Haitian authorities have not been forthcoming with information about who might have been behind the killing, suggesting that media reports implicating current officials had struck a nerve in the government.
In Colombia, Gen. Jorge Luis Vargas, the head of that country’s national police force, told reporters that he had no information suggesting Joseph had any role in the plot.
Charles also said the head of Moïse’s security detail, Dimitri Hérard, had been removed from his post and placed in isolated detention after officials interrogated him. Police had announced his detention in recent days.
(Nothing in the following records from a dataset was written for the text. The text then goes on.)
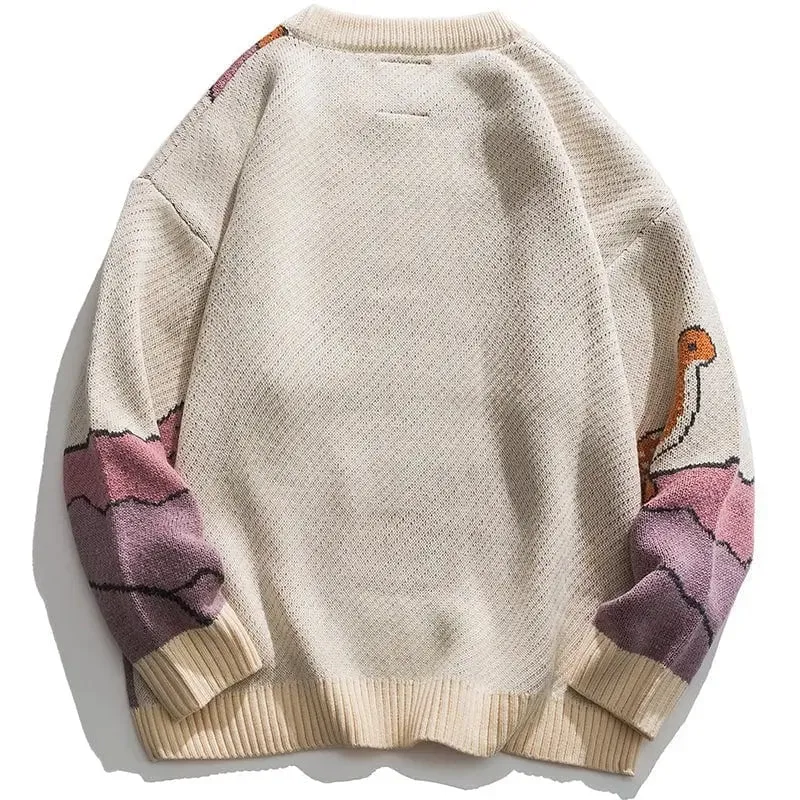 1984® Knitted Sweater Cartoon Dinosaur and Volcanoes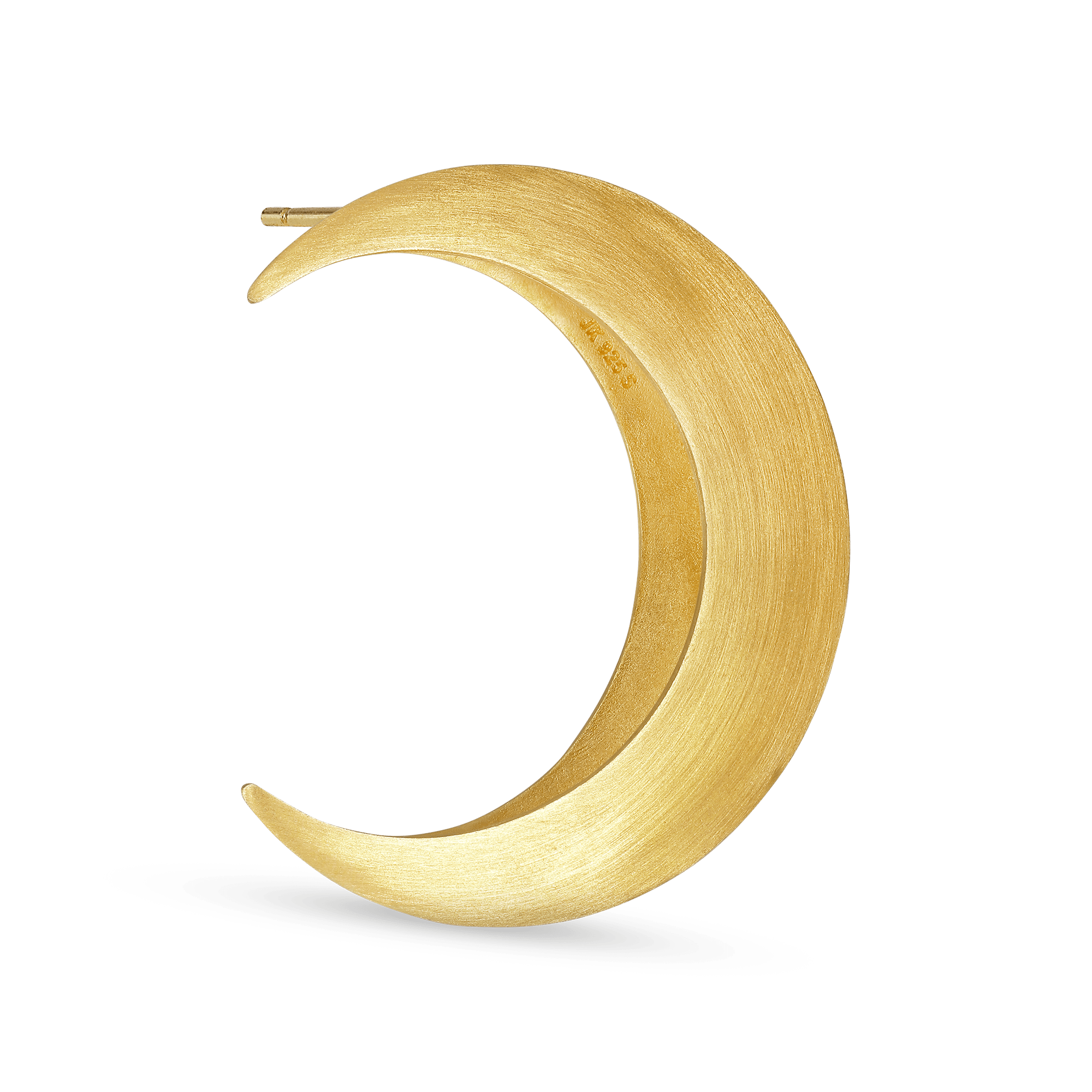 Jane Kønig Øreringe Big Half Moon ørestik - forgyldt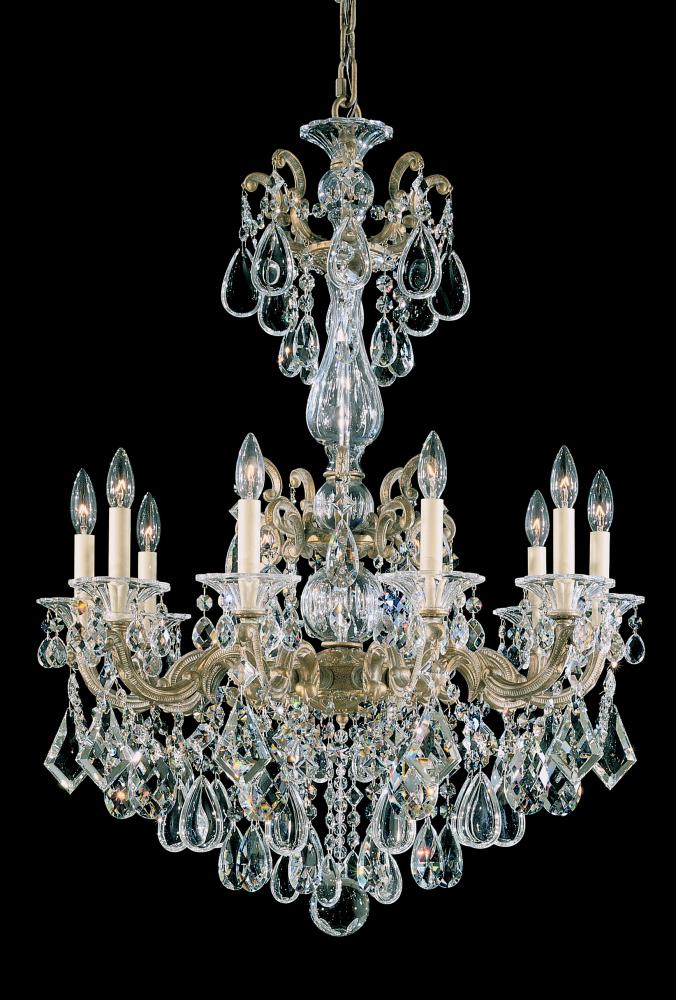 La Scala 10 Light 120V Chandelier in Heirloom Gold with Clear Radiance Crystal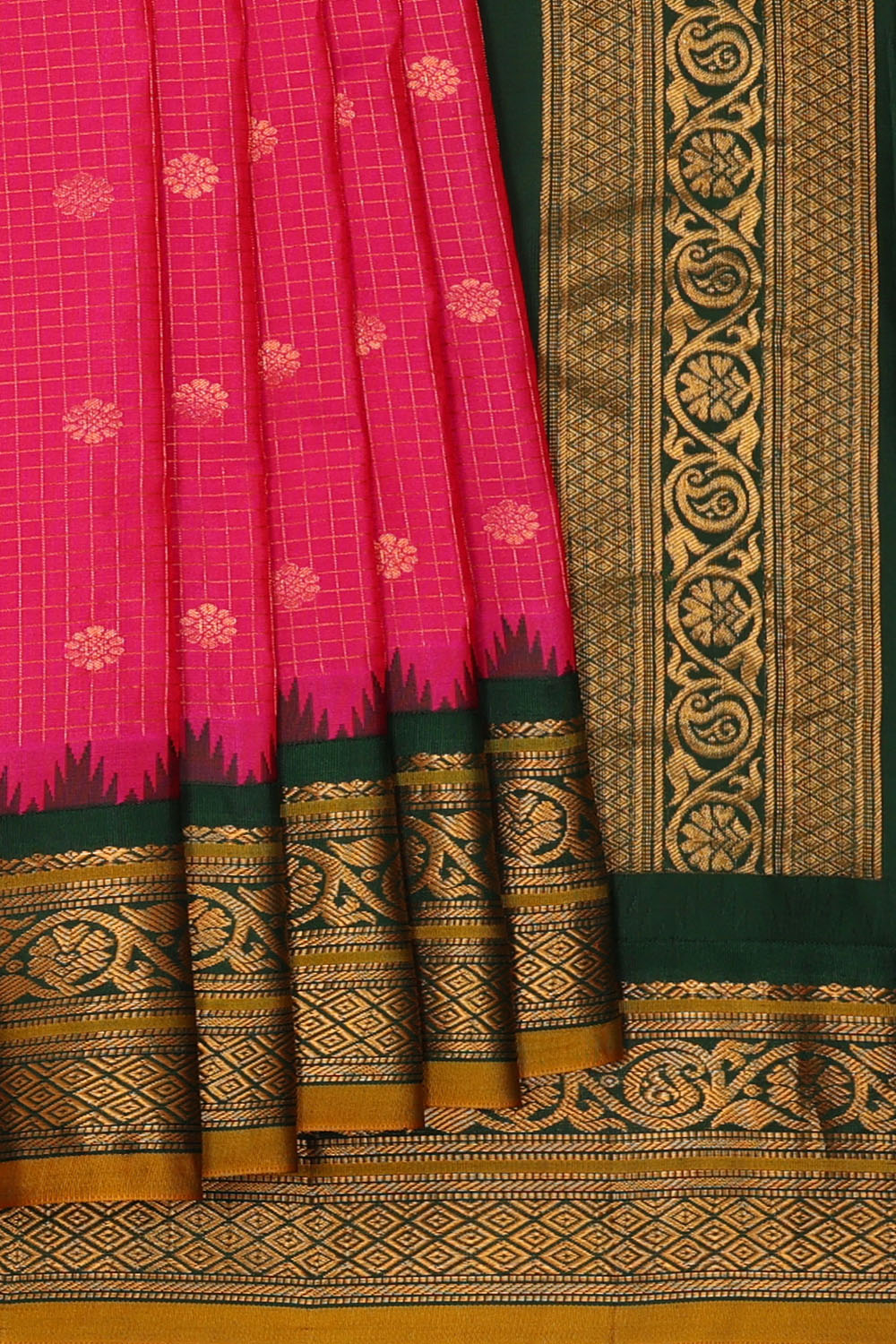 Image of Rani-Pink Gadwal Silk Kattam Saree
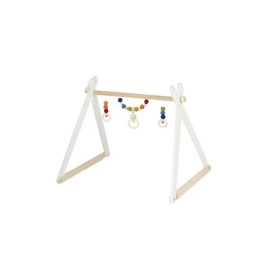Holz-Spielbogen mit weißem Gestell, bunten Perlen und Ringen, auf neutralem Hintergrund.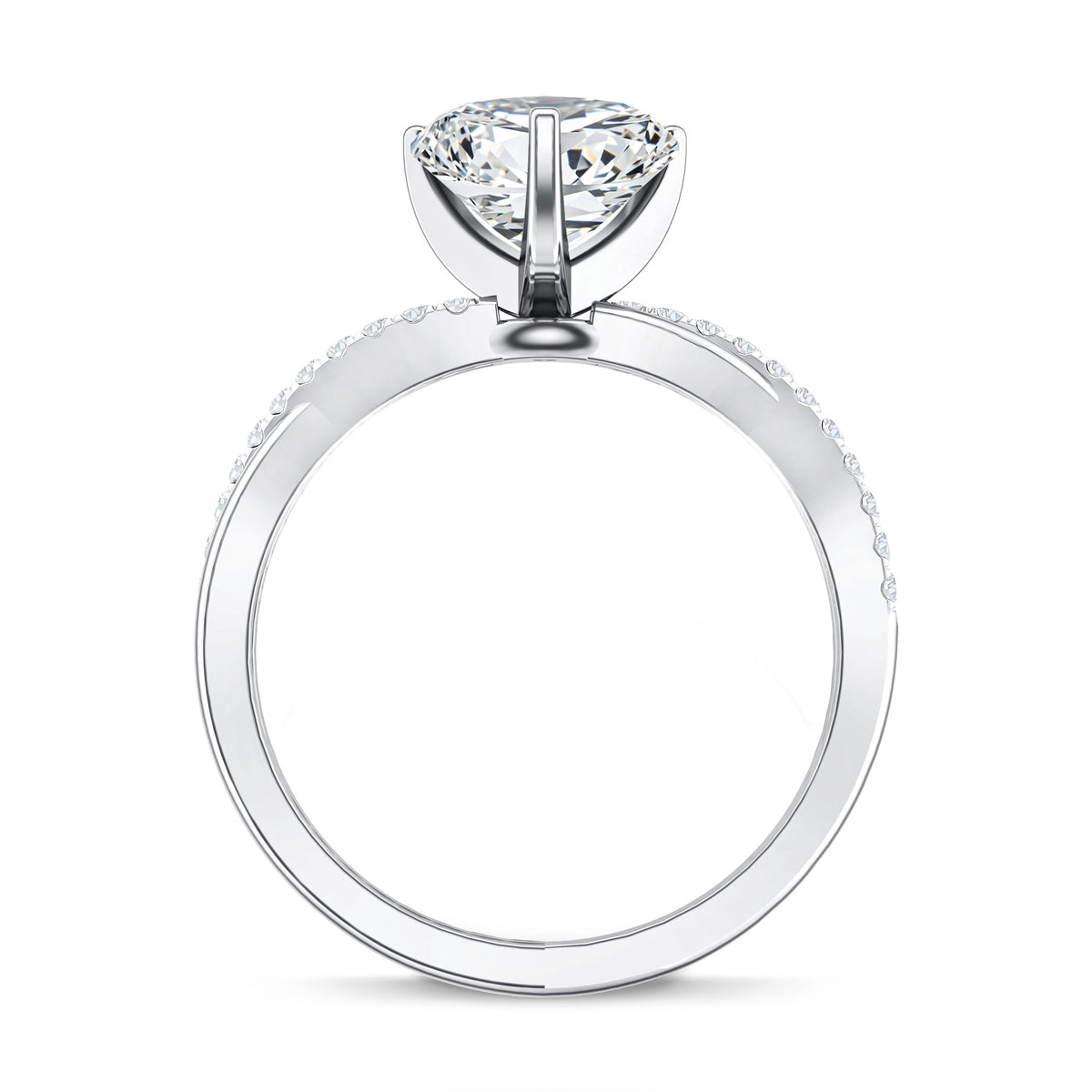 2 Carat Heart Shaped Lab Grown Diamond Crossover Engagement Ring IGI Certified Lab - ( E-VS1 ) - Rosec Jewels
Charles said authorities will meet with him a third time before deciding the next steps.
Hérard has not officially been named as a suspect in the investigation, but many Haitians have questioned how attackers could have invaded the president’s house and killed him with no injuries among those assigned to protect him.
The news conference was held a day after the Colombian TV station aired a report it said was based on information from FBI sources and Haitian authorities and telephone calls, pictures and testimony from those accused of participating in the plot. “I’m issuing a formal denial to these allegations,” Charles said, calling them “a lie.”
Joseph, the interim prime minister, was about to be replaced when the assassination occurred. Moïse had named him to the post in April.
Two days before the assassination, Moïse announced that he had chosen a new prime minister, neurosurgeon Ariel Henry. But the new prime minister had not yet been sworn into office as of July 7.